ASSIGNMENT:
Further down are entries; set down exactly and only the lines from the one with "For example: 'Okay" up to and including the one with "All right, I", dropping each picture.

Collected data:

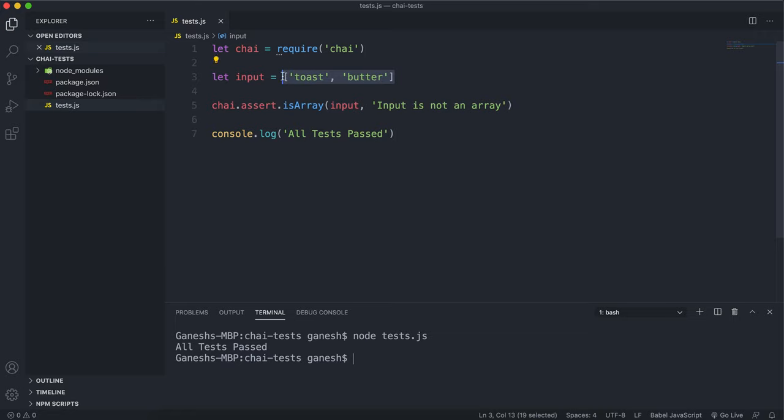You can also make arrays in other ways by calling methods that create arrays such as a string split for example.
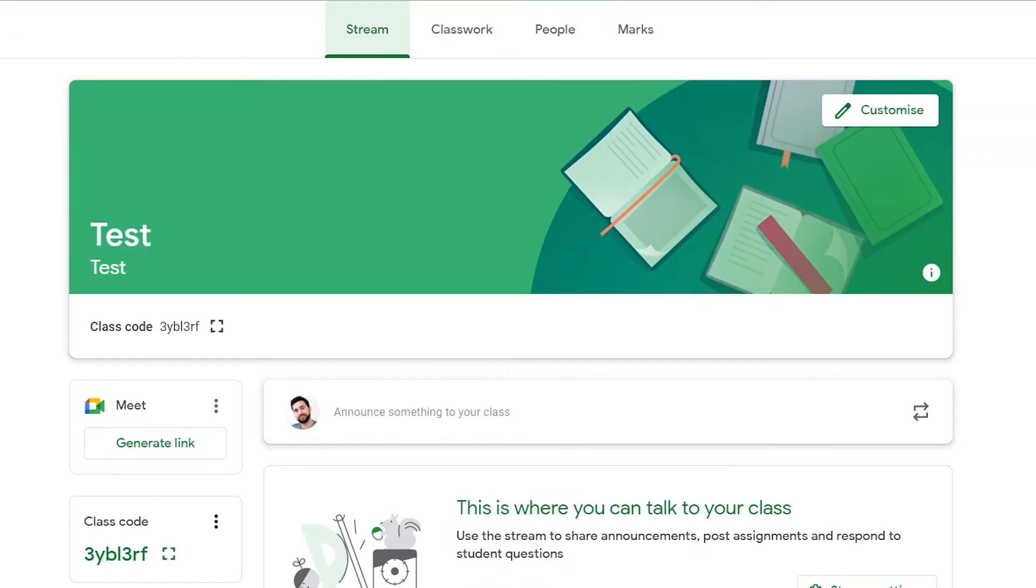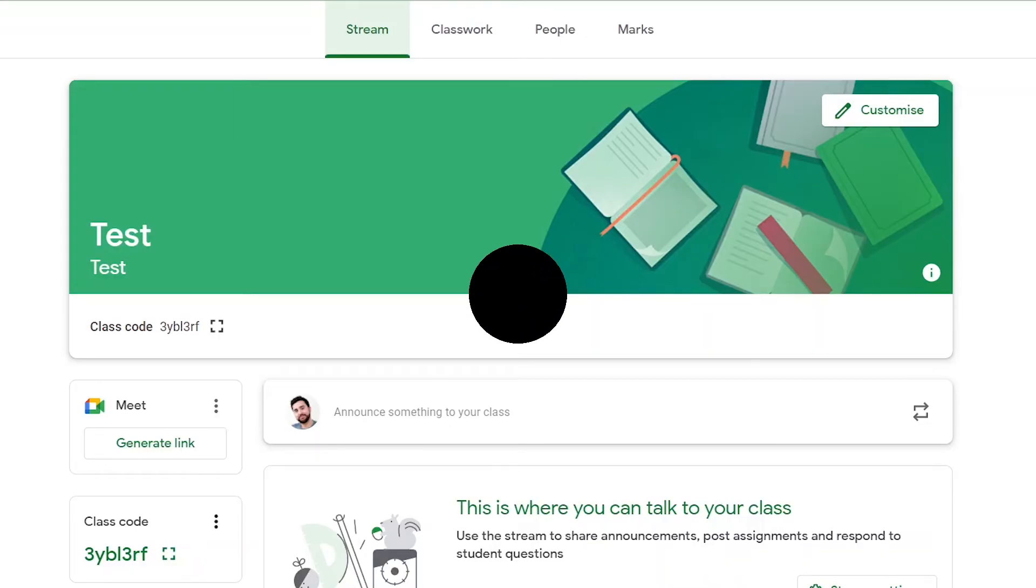Thank you for watching this tutorial on how to add students to your class on Google Classroom. I'll see you in the next video.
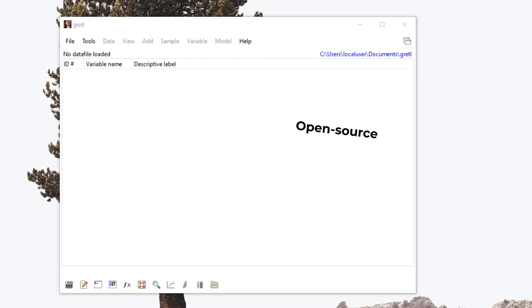In this video, I'll be going over what Gretel is. Gretel is essentially an open source econometrics software.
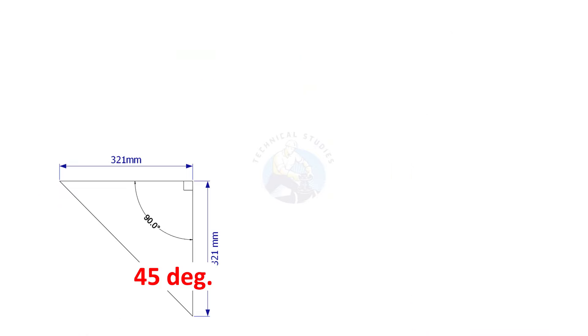Since this corner is 45 degree, the other corner also is 45 degree.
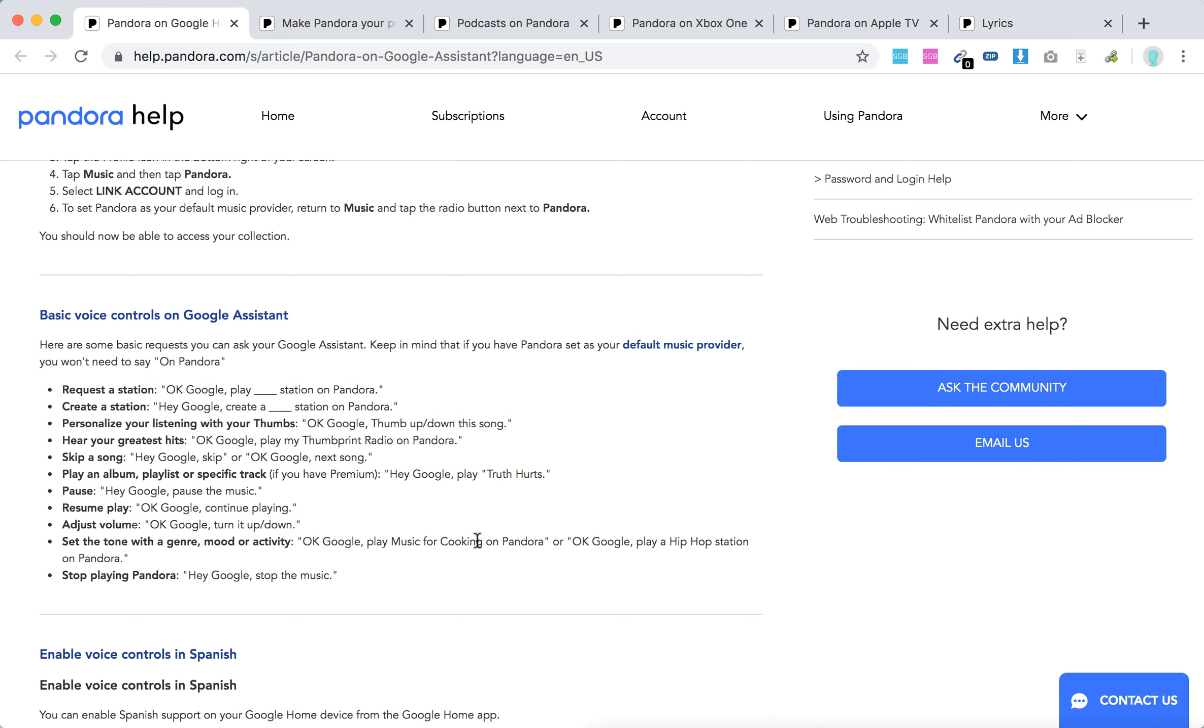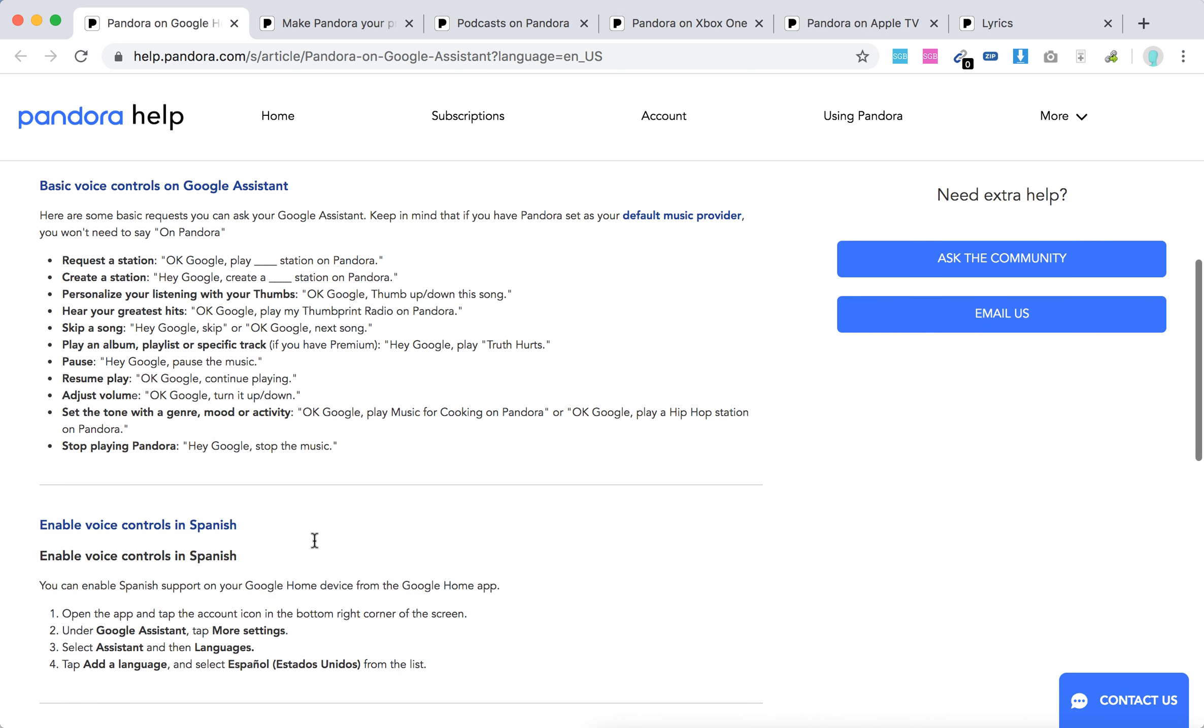For example: 'Okay Google, play music for cooking on Pandora.' 'Okay Google, play hip hop station.' 'Hey Google, stop the music.'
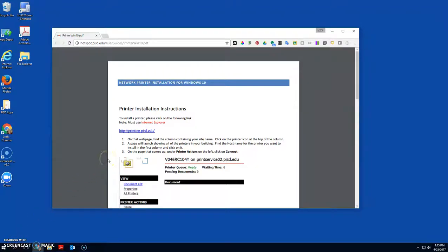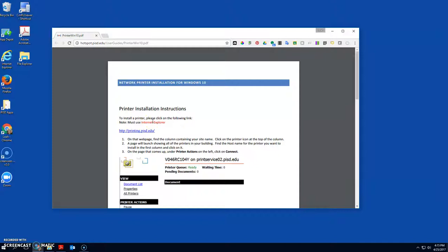All right, I just opened up the instructions on how to install a printer in Windows 10. The first thing it tells us is we have to be using Internet Explorer in order for this to work.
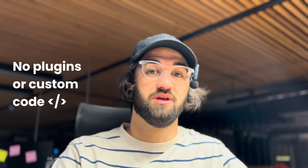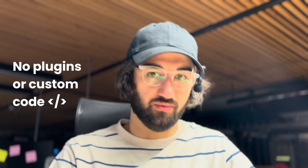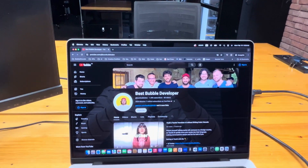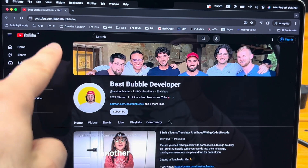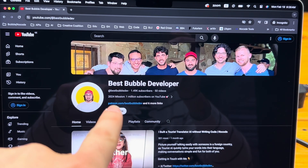Pay attention: you should not use any plugins, you should not use any HTML elements or custom code — it has to be native Bubble. One requirement though: you have to be an active subscriber of my YouTube channel, youtube.com/@bestbubbletab. Hit the subscribe button if you're not already subscribed. I'll share the Google Form link down below so you can share your submissions there.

EXERCISE OUTPUT:
For example: 'Okay Google, play music for cooking on Pandora.' 'Okay Google, play hip hop station.' 'Hey Google, stop the music.'
All right, I just opened up the instructions on how to install a printer in Windows 10. The first thing it tells us is we have to be using Internet Explorer in order for this to work.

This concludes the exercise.